Et le prisonnier remerciait maintenant son vainqueur :
— Mon pauvre Bourgougnon, et moi qui t’accusais d’ingratitude tout à l’heure. Tu m’as peut-être sauvé la vie. Mais je te jure que ce n’est pas moi qui ai tendu le collet, je te le jure sur saint Marc, tu sais bien, saint Marc de la chapelle, à côté de ta maison, saint Marc que personne dans la contrée ne voudrait tromper, tant il est bon pour tout le monde, à preuve qu’il a guéri les yeux de mon aîné. Je te jure encore que je n’ai jamais tué de cerf de ma vie, tout au plus une biche, et bien par hasard, puisque c’était un lapin que je guettais.

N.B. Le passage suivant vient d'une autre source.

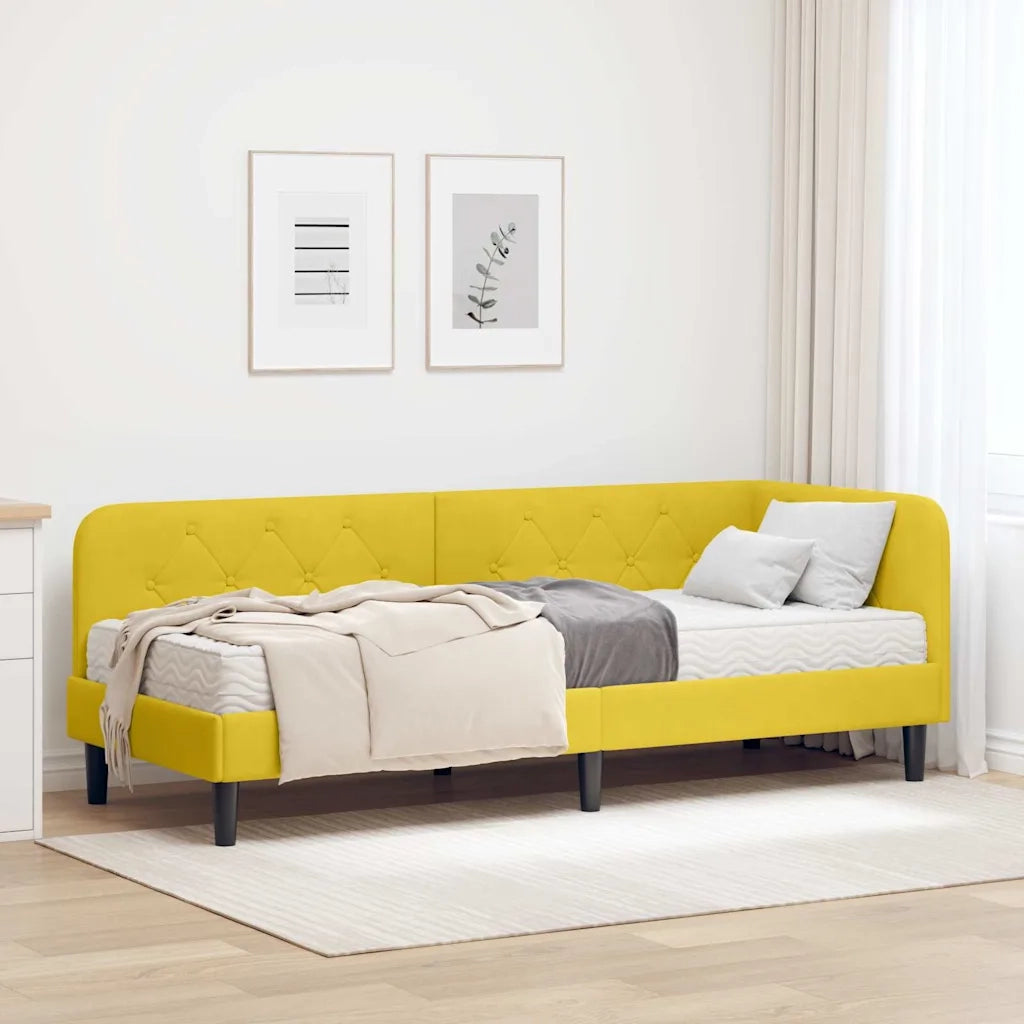Letto singolo | Letto per adulti | Cornice del letto ad angolo Giallo 80 x 200 cm Velluto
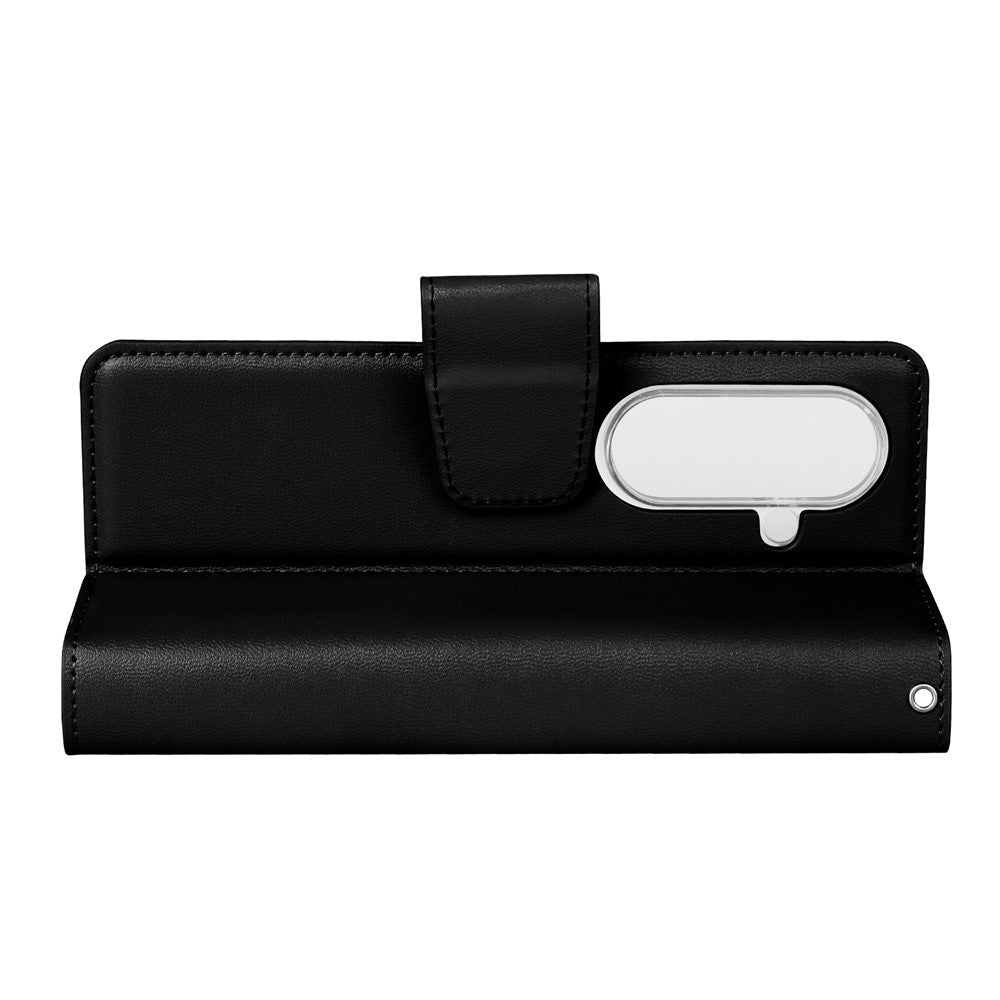 HANMAN Mill Series for Samsung	Galaxy Z Fold7 5G Case Wallet Stand PU Leather Phone Cover - Black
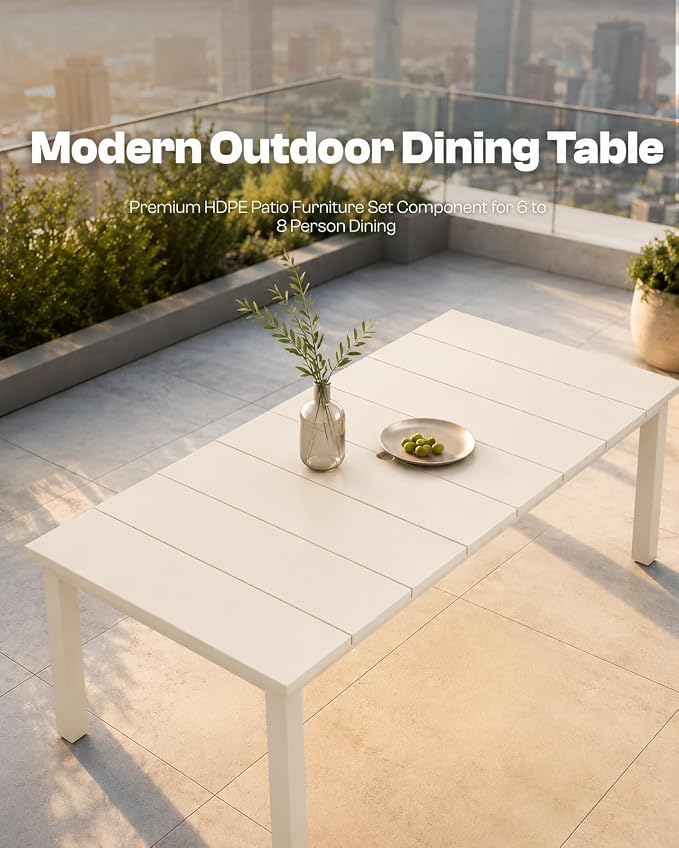 75.2" Outdoor Dining Table for 4-6 People, Patio Dining Outdoor Table with Umbrella Hole, All Weather Patio Table for Backyard, Deck and Garden, White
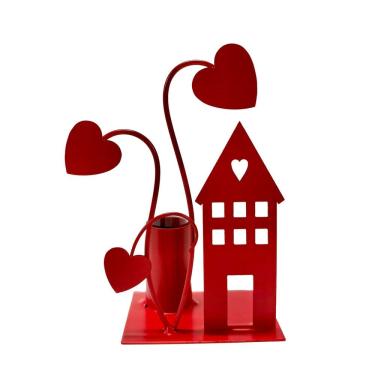 Imagem de Vaso Solitário Vidro Metal Casa Vermelho Namorados 11,5X6X15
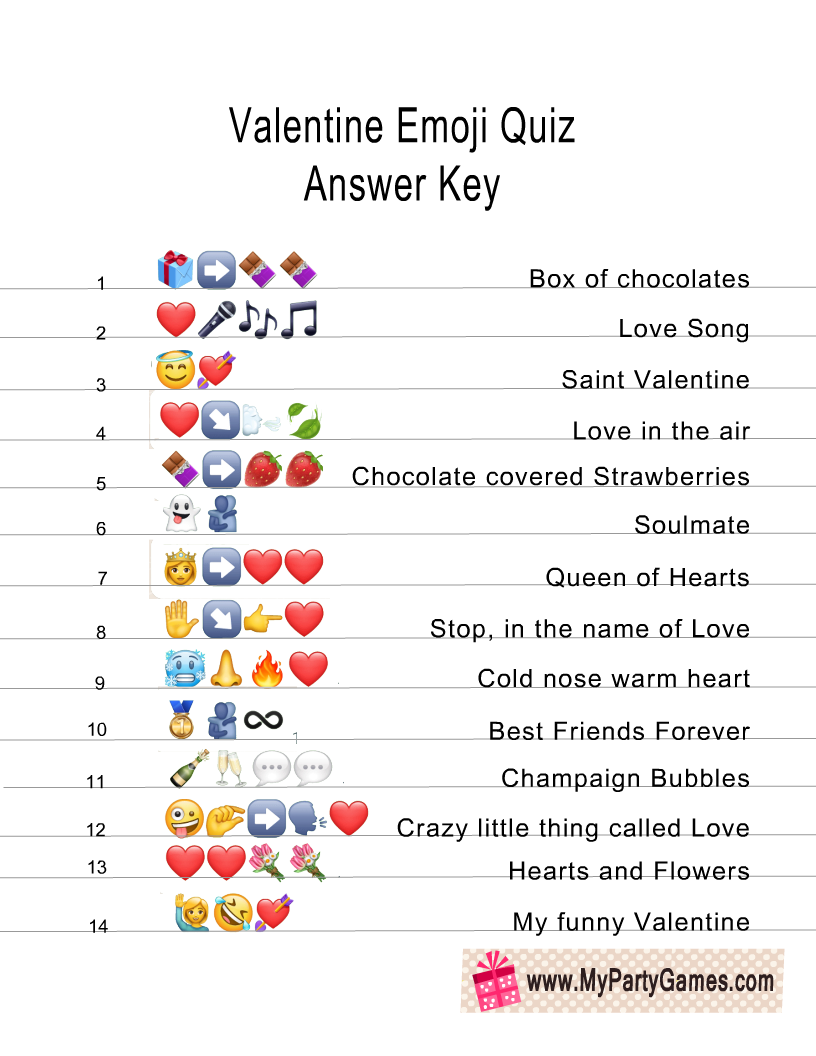  Valentine's Day Emoji Quiz Answer Key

— J’te crois à cause de saint Mare, dit Bourgougnon qui riait à se tordre dans l’échine du captif, mais j’te le demande, qui te croira ? j’te le demande, qui te croira ?
— C’est vrai, les apparences sont contre moi. Ah ! je suis bien perdu. Et la bourgeoise, a va en faire un tumulte.
Mais ils arrivaient devant la maison du chef, lequel dormait à poings fermés.
Bourgougnon, qui s’en doutait, à cause de sa visite matinale, fit un vacarme de tous les diables.
— Hé ! chef, réveillez-vous, chef.
Les chiens hurlaient à perdre haleine, et le chef dormait toujours.
— Attends un peu, Mathieu, je vas ben l’éveiller. Bouche-toi les oreilles, vieux.
Une détonation mit en émoi tous les échos de la forêt et du même coup le brigadier qui se précipita à la fenêtre en criant :
— Encore ces cochons de braconniers !
— Doucement chef, doucement chef, hurla Bourgougnon, c’est moi, pas de bêtise. Je n’ai pas pu vous faire entendre autrement.
— Comment, c’est vous, Bourgougnon ?
— Un peu, chef. On ne dort pas toutes les nuits. Même que je vous amène un prisonnier. Ouvrez vite.
— Comment vous avez pincé un braconnier, vous… ?
Son étonnement était visible. Il suffoquait et Bourgougnon riait sournoisement.